In production, you should avoid hardcoding values. Use Kubernetes ConfigMaps and Secrets to manage Kafka connection details and topics.
kubectl create configmap kafka-config \
  --from-literal=KAFKA_BOOTSTRAP_SERVERS=kafka-service:9092 \
  --from-literal=KAFKA_TOPIC=prod-topic

kubectl create secret generic kafka-secret \
  --from-literal=KAFKA_CLIENT_ID=dw-prod-client

5. Production Configuration: config-prod.yml

Use environment variables in your production configuration:
server:
  applicationConnectors:
    - type: http
      port: 8080

kafka:
  bootstrapServers: ${KAFKA_BOOTSTRAP_SERVERS}
  clientId: ${KAFKA_CLIENT_ID}
  topic: ${KAFKA_TOPIC}
Dropwizard will pull values from container environment variables.

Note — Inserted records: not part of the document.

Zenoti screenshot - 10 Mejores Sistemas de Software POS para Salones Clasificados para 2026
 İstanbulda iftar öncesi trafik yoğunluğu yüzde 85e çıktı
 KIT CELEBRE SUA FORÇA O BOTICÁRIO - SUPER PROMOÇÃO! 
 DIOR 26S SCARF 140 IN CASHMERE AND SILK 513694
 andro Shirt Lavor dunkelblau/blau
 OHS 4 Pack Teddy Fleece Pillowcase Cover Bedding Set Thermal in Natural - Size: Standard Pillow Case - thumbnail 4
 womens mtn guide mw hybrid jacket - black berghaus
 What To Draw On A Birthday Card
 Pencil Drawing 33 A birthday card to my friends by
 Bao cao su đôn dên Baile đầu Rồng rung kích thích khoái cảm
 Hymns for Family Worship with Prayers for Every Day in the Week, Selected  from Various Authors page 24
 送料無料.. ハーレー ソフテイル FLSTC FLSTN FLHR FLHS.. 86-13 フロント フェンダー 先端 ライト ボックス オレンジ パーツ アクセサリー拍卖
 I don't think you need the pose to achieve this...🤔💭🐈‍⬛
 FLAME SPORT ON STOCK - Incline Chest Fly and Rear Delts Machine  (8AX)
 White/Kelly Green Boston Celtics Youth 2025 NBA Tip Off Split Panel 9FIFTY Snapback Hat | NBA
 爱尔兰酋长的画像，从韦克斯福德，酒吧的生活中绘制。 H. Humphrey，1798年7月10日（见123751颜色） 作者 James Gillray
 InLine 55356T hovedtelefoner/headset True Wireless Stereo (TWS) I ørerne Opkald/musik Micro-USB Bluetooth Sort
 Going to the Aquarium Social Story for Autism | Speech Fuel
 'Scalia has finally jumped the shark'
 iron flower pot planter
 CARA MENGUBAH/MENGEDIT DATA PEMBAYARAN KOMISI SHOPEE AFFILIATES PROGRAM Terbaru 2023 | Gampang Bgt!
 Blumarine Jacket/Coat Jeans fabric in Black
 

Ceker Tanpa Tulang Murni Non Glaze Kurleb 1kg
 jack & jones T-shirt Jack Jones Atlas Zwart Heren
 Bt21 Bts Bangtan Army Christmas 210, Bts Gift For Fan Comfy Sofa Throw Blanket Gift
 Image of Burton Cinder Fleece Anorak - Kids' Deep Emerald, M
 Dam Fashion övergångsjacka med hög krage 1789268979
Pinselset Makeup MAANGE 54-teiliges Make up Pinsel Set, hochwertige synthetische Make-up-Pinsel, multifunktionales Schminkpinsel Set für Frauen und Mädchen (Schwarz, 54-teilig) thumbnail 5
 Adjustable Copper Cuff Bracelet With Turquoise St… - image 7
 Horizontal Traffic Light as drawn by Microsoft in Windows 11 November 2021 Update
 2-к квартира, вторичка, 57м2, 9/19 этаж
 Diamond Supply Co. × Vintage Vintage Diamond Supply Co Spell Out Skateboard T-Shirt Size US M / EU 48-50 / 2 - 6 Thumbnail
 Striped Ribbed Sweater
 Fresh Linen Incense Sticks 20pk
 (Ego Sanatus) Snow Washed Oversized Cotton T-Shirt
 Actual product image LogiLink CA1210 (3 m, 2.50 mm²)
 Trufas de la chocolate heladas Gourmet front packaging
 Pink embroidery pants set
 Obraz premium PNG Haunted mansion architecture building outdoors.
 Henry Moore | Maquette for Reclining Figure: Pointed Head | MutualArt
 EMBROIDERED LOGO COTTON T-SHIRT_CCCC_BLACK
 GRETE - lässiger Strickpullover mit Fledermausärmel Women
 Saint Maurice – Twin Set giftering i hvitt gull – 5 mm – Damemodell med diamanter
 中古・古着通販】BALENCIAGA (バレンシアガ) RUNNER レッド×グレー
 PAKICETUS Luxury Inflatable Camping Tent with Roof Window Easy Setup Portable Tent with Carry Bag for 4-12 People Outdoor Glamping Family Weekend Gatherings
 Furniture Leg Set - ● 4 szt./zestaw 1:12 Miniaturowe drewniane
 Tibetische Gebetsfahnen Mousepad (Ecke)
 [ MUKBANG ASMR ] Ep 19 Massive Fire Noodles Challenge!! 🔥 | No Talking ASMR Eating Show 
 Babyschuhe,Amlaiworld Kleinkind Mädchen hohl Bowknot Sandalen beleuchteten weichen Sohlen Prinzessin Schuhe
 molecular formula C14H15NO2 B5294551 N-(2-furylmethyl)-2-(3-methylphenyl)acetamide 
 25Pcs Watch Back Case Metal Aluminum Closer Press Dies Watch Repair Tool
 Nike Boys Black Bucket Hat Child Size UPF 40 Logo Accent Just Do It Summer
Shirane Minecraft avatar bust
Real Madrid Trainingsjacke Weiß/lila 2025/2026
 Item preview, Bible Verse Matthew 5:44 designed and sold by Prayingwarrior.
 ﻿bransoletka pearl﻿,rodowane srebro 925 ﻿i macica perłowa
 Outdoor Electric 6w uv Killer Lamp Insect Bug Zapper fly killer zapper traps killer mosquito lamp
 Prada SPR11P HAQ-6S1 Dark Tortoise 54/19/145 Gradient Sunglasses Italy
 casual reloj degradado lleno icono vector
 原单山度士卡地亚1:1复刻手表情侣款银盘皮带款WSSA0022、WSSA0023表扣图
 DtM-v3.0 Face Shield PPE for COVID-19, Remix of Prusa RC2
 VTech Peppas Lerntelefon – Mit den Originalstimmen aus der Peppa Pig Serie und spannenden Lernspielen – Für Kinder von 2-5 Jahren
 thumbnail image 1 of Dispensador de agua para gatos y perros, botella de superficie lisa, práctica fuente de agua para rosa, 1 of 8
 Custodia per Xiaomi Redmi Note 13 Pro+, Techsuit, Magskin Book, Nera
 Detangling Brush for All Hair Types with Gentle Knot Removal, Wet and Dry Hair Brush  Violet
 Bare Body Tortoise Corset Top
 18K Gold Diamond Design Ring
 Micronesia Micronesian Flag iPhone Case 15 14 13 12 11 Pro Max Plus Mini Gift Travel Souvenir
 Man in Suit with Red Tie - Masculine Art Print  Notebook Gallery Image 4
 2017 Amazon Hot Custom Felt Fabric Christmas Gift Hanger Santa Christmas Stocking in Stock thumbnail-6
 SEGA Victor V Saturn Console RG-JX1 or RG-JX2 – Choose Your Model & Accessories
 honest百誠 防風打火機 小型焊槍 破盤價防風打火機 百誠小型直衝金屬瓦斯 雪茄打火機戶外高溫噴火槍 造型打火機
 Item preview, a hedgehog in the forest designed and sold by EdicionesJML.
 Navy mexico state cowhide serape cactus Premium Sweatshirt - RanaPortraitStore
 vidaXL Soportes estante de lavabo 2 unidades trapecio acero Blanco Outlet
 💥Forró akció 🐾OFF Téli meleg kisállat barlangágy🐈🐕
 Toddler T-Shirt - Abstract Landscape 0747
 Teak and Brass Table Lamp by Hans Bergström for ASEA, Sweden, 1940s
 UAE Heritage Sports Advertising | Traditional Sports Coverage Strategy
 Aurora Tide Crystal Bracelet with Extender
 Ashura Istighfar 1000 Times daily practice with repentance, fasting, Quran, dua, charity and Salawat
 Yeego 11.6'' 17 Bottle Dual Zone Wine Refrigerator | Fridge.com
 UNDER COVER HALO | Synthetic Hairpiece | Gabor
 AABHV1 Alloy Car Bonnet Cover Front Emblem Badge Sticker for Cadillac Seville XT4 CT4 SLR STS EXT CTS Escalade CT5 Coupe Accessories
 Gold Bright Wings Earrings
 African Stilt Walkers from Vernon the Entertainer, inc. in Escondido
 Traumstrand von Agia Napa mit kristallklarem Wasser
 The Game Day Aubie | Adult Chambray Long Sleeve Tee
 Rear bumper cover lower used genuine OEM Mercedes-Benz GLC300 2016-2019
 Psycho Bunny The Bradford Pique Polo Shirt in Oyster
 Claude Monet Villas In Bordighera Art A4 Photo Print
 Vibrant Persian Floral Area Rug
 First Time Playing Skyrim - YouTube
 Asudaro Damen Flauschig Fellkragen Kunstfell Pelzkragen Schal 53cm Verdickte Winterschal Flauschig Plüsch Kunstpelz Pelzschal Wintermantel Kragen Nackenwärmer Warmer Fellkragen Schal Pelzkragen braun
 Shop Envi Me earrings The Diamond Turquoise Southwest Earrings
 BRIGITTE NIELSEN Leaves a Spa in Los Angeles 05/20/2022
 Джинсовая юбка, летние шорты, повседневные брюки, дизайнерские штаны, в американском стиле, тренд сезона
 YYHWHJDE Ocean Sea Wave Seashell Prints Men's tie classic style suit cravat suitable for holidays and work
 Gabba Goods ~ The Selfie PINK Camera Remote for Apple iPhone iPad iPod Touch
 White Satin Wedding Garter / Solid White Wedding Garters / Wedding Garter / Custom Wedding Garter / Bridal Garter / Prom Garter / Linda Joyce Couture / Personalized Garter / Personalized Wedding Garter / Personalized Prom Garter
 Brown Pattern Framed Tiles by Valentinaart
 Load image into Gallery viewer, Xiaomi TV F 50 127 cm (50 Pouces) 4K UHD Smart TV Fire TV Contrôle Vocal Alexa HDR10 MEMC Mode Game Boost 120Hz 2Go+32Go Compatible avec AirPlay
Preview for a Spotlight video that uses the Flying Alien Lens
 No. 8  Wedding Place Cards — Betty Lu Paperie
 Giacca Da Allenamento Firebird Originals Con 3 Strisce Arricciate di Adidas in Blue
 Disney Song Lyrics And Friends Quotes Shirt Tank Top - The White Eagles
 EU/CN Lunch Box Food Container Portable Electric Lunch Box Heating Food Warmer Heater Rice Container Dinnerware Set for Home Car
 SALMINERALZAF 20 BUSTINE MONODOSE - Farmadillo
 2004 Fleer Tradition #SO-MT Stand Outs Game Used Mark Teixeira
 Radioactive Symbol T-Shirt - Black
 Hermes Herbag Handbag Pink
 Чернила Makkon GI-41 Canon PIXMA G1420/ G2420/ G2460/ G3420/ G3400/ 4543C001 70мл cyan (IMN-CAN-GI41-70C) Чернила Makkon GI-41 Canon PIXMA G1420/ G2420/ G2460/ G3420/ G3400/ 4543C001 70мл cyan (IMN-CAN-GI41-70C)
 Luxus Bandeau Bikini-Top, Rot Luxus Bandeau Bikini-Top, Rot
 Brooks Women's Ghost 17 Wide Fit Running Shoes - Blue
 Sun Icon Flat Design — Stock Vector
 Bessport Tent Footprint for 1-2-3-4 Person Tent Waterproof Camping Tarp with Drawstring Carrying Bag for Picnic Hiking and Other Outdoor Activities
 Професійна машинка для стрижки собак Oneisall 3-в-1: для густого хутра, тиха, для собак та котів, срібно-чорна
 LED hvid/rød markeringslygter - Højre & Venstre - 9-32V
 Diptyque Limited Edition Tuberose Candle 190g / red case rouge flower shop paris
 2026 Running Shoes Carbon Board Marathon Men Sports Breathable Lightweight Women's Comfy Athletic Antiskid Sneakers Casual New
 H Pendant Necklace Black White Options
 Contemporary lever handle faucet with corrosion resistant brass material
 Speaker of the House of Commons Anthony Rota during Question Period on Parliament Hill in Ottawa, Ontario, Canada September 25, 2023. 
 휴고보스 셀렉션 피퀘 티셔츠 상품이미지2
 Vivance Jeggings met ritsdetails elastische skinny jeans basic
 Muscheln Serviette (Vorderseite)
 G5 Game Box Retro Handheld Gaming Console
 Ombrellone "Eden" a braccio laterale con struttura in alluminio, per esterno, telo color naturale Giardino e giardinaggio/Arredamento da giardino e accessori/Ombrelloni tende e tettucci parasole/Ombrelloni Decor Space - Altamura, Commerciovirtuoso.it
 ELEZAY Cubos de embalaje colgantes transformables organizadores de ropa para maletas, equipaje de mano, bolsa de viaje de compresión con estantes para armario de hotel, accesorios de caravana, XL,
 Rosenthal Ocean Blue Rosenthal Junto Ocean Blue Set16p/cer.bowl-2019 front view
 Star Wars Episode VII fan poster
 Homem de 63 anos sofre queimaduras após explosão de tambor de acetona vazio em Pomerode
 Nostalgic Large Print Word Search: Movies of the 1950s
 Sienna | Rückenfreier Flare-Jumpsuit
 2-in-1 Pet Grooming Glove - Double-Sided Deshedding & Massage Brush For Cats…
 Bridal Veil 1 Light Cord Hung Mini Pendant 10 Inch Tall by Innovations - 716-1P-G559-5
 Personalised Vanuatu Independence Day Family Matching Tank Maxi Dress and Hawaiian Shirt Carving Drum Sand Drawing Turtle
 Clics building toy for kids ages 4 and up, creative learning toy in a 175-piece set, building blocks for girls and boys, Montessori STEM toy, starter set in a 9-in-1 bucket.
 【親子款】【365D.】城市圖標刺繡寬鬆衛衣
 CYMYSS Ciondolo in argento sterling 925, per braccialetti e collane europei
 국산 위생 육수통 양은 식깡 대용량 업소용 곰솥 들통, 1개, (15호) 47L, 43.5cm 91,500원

6. Kubernetes Deployment Example

Make sure your Kubernetes deployment injects the variables:
env:
  - name: KAFKA_BOOTSTRAP_SERVERS
    valueFrom:
      configMapKeyRef:
        name: kafka-config
        key: KAFKA_BOOTSTRAP_SERVERS
  - name: KAFKA_TOPIC
    valueFrom:
      configMapKeyRef:
        name: kafka-config
        key: KAFKA_TOPIC
  - name: KAFKA_CLIENT_ID
    valueFrom:
      secretKeyRef:
        name: kafka-secret
        key: KAFKA_CLIENT_ID
Ensure you run your app with:
java -jar myapp.jar server config-prod.yml

7. Testing a Message

You can validate sending a message with a simple resource:
@Path("/produce")
@Produces(MediaType.TEXT_PLAIN)
public class KafkaResource {
  private final Producer<String, String> producer;
  private final AppConfig config;

  @Inject
  public KafkaResource(Producer<String, String> producer, AppConfig config) {
    this.producer = producer;
    this.config = config;
  }

  @POST
  public String produce(String msg) {
    producer.send(new ProducerRecord<>(config.kafka.topic, msg));
    return "Message sent to topic " + config.kafka.topic;
  }
}
Call POST /produce with a message body and check your Kafka logs or consumer.

Why This Setup Matters

  • Local development is fast and isolated with Docker + dev config.
  • Production is secure, with no secrets in source code using Kubernetes resources instead.
  • Clear separation between config-dev.yml and config-prod.yml improves maintainability.
  • Dropwizard’s YAML support makes injecting config and managing services straightforward.
By combining Docker for local Kafka development and Kubernetes for production deployment — all backed by Dropwizard’s configuration system — you get a robust, secure, and maintainable setup for real-time messaging. Whether you're pushing events or handling data streams, this setup lays a solid foundation that you can build on confidently.